If you’re looking for something that didn’t make the cut, and probably should’ve, consider some of these.
The Testament of Ann Lee features a hypnotic lead performance from Amanda Seyfried as the female religious leader and founder of the Shakers.

Is This Thing On is a likeable and grounded character-driven comedy-drama featuring Will Arnett as a middle-aged man going through a marriage separation who finds salvation through stand-up comedy. It’s Arnett as you’ve never quite seen him before.
Sorry, Baby is a small indie drama about a young woman still reckoning with a sexual assault which happened years earlier. It was considered an outside chance at a screenplay nod for writer, director and lead actor Eva Victor.
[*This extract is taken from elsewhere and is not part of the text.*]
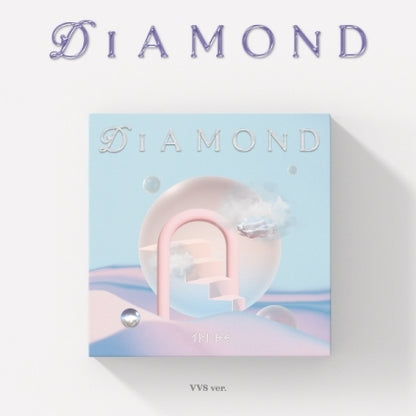 TRI.BE - 4TH SINGLE ALBUM [DIAMOND] (2 VERSIONS)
The George Clooney movie about a movie star, Jay Kelly has been divisive in some quarters, but it’s amiable and features two stand-out supporting turns from Adam Sandler (when is the Sandman going to get his due?!) and Billy Crudup.
No Other Choice is a South Korean satire about workplace culture and middle-class aspiration morphing into absurd violence, starring Lee Byung-hun and directed by Park Chan-wook.
Twinless is a quicky but very cool drama-cum psychological thriller about a young gay man who befriends the twin brother of his crush in a support group. There’s a great, under-rated performance here from Dylan O’Brien.
Nouvelle Vague is Richard Linklater’s film that portrays the behind-the-scenes making of Jean-Luc Godard’s French New Wave classic Breathless. The black-and-white photograph is stunning and the whole film just has an air of delight.